*** Block opens ***

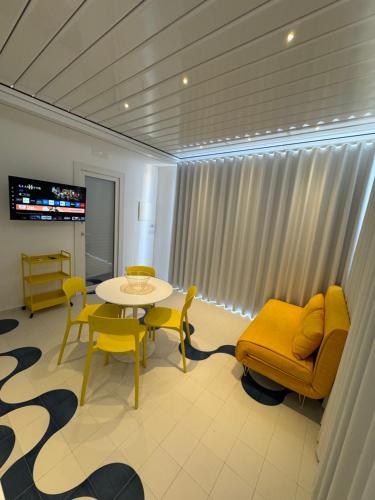 Una sala de estar con una mesa y sillas y un televisor. en Soleonde, en Marina di Ragusa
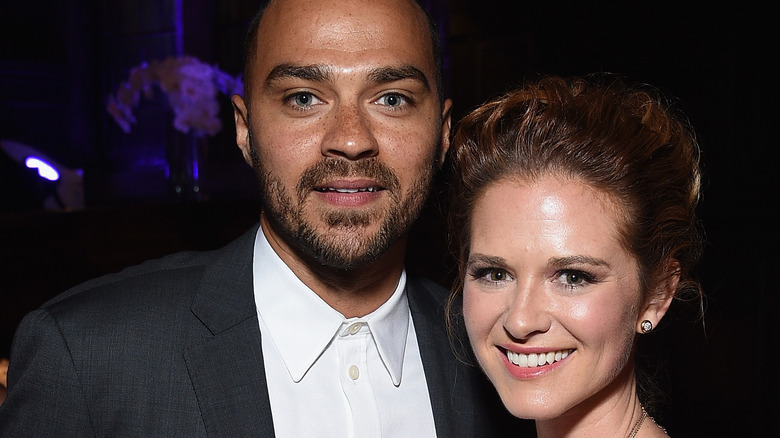Jesse Williams and Sarah Drew smile together at a party
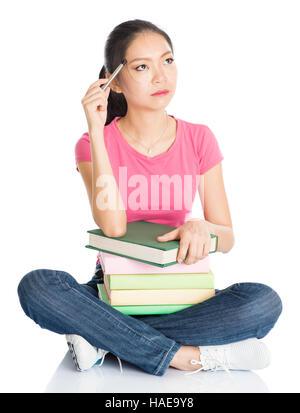 Corps plein Young Asian female student in pink shirt avec les manuels scolaires, assis sur le plancher, pleine longueur isolé sur fond blanc. Banque D'Images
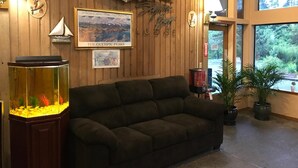 A cozy room with a wooden wall, a framed picture of The Olympic Peaks, a fish tank, and a couch. - Sequim Bay Lodge (Sequim)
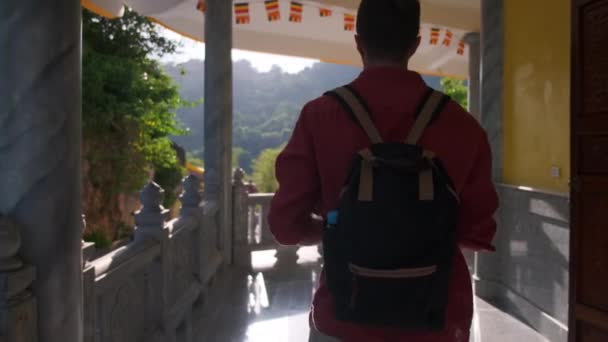 Neznámý muž kráčející po terase buddhistického chrámu — Stock video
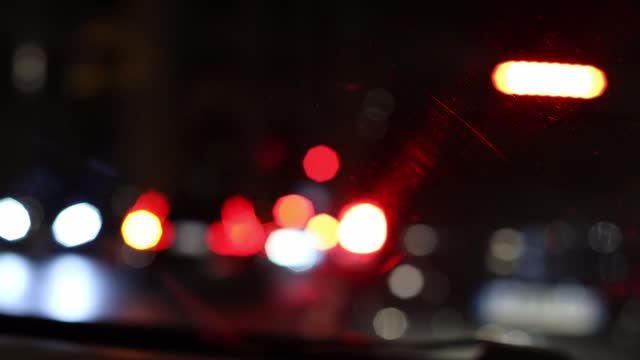 Blurred windshield background with flickering bokeh.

*** Block closes ***

INSTRUCTIONS TO FOLLOW – Hand back exactly the lines from the one with "Corps plein Young" through the last line of the data above, both ends included, with every picture left out.

WRITTEN REPLY –
 Corps plein Young Asian female student in pink shirt avec les manuels scolaires, assis sur le plancher, pleine longueur isolé sur fond blanc. Banque D'Images
 A cozy room with a wooden wall, a framed picture of The Olympic Peaks, a fish tank, and a couch. - Sequim Bay Lodge (Sequim)
 Neznámý muž kráčející po terase buddhistického chrámu — Stock video
 Blurred windshield background with flickering bokeh.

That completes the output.